Excerpted data =>
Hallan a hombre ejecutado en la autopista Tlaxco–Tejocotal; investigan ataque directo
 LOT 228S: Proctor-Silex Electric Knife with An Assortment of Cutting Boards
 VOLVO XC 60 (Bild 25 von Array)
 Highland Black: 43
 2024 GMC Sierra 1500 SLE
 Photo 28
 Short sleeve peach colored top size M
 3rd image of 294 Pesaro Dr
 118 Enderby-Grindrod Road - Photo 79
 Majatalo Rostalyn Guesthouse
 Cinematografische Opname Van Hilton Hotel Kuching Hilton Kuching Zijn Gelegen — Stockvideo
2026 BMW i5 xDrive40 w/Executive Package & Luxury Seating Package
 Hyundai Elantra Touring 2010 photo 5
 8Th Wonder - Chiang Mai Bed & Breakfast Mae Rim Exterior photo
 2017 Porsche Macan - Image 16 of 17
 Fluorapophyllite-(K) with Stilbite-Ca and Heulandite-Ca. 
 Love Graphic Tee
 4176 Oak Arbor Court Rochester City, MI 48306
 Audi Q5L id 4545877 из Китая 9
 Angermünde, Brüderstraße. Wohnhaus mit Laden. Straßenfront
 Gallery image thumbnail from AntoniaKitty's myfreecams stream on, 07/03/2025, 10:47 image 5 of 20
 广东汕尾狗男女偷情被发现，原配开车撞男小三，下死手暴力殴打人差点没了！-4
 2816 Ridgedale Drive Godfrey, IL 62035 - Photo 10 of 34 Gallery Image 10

Exercise directions => Copy out, from the listing above, every line that contains the word "Gallery".

Result of this exercise =>
 Gallery image thumbnail from AntoniaKitty's myfreecams stream on, 07/03/2025, 10:47 image 5 of 20
 2816 Ridgedale Drive Godfrey, IL 62035 - Photo 10 of 34 Gallery Image 10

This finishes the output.